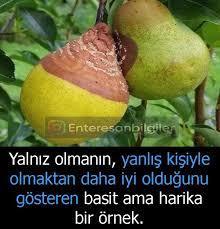 Senin gibi birinin neden sevgilisi yok?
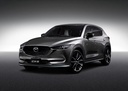 Amortiguador Delantero  Derecho B6. Mazda CX-5 (KF)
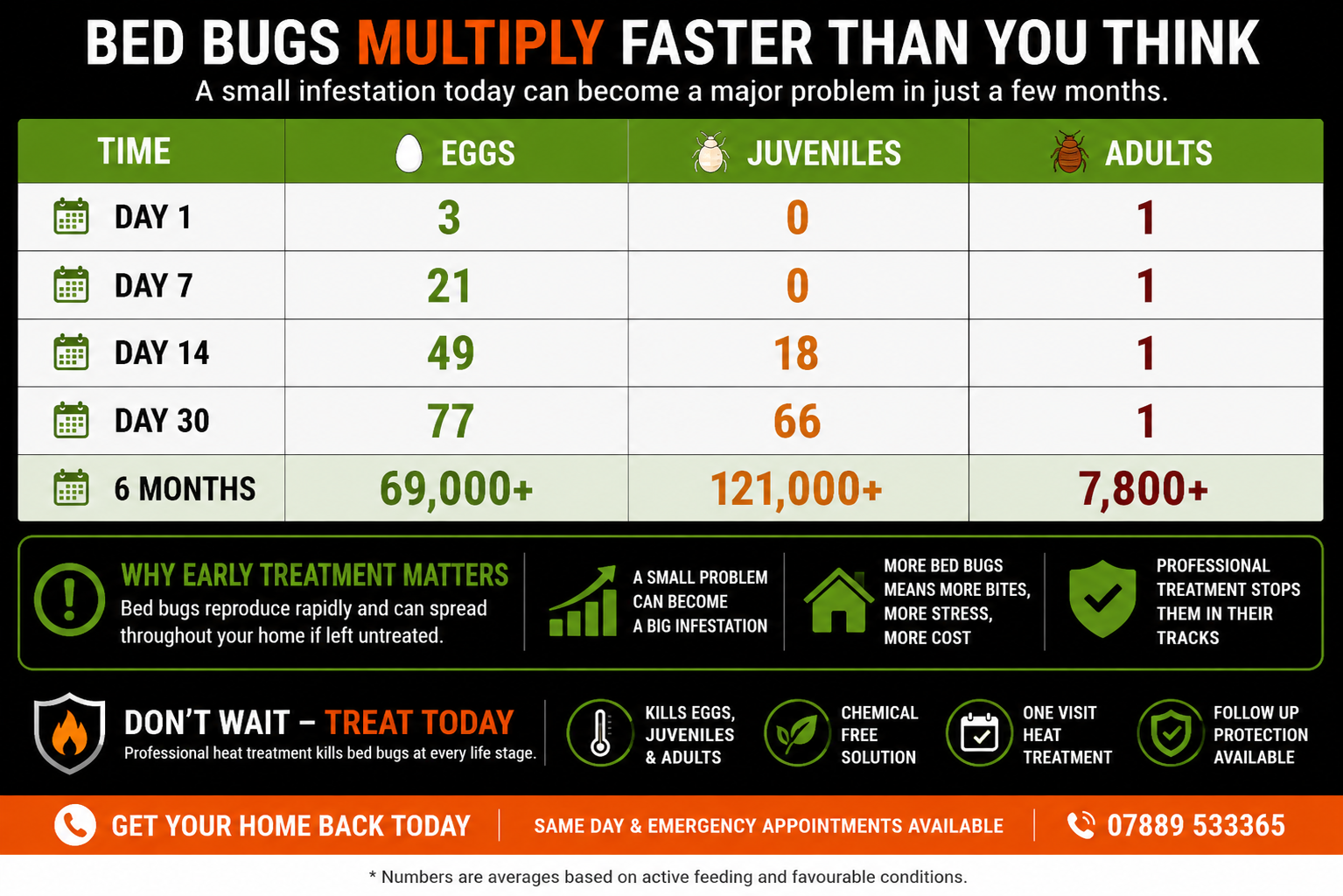 Bed bug reproduction rate infographic showing how quickly bed bugs multiply over time, including eggs, juveniles, and adults from day 1 to 6 months, with professional heat treatment and follow-up protection information for UK homes.
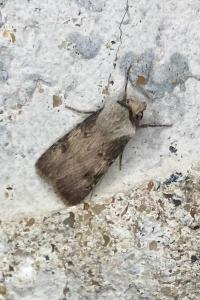 <i>Agrotis puta</i>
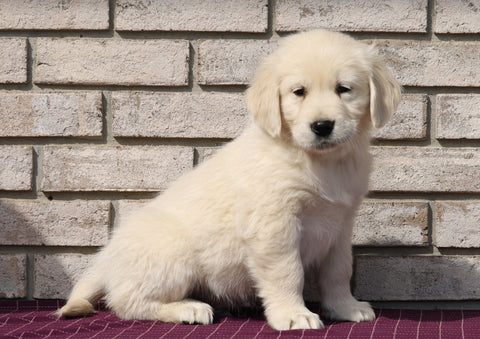 AKC Registered English Cream Golden Retriever For Sale Fredericksburg, OH Male- Kolson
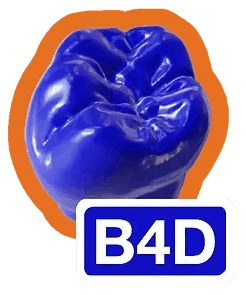 Blender for Dental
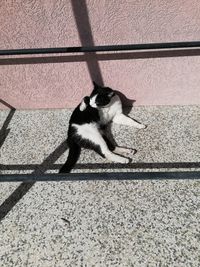 High angle view of cat with shadow on wall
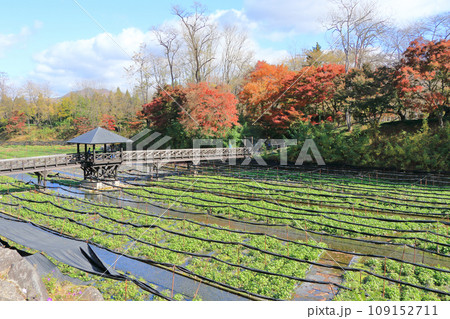 安曇野 秋の大王わさび農場 安曇野 秋の大王わさび農場 109152711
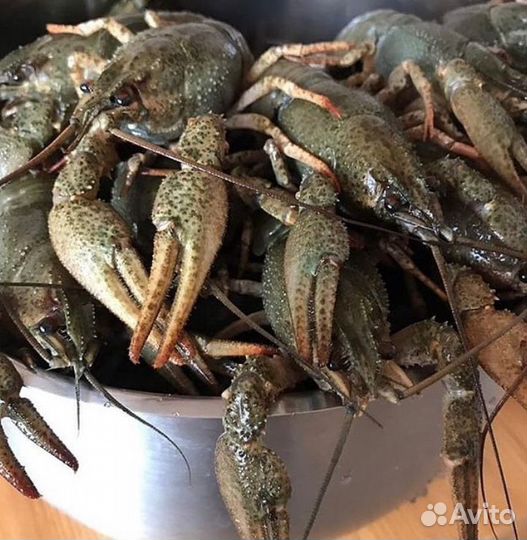 Живые и вареные раки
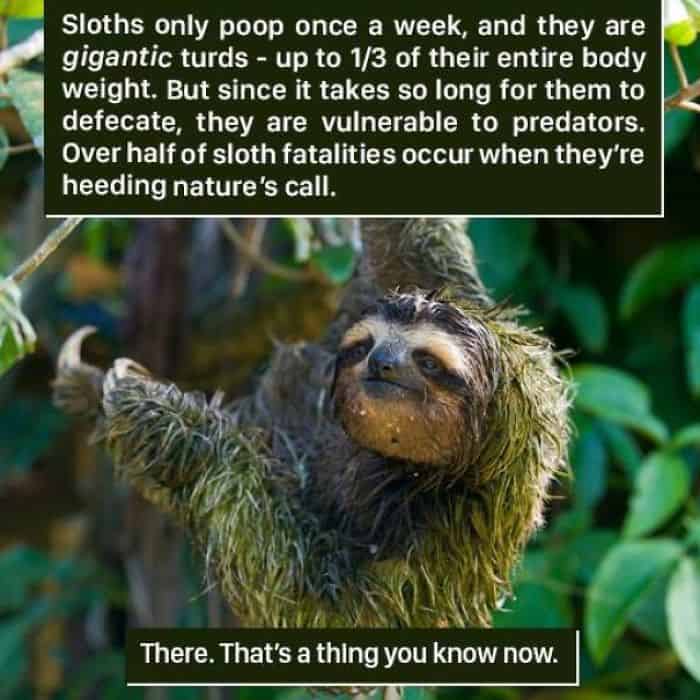 Weird Animal Facts sloths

________________________________________

> Task item: Repeat only the lines from the line with "High angle view of cat with shadow on wall" to the end of the entries, including both the first and the last line, and drop every picture.

> Response to this exercise:
 High angle view of cat with shadow on wall
 安曇野 秋の大王わさび農場 安曇野 秋の大王わさび農場 109152711
 Живые и вареные раки
 Weird Animal Facts sloths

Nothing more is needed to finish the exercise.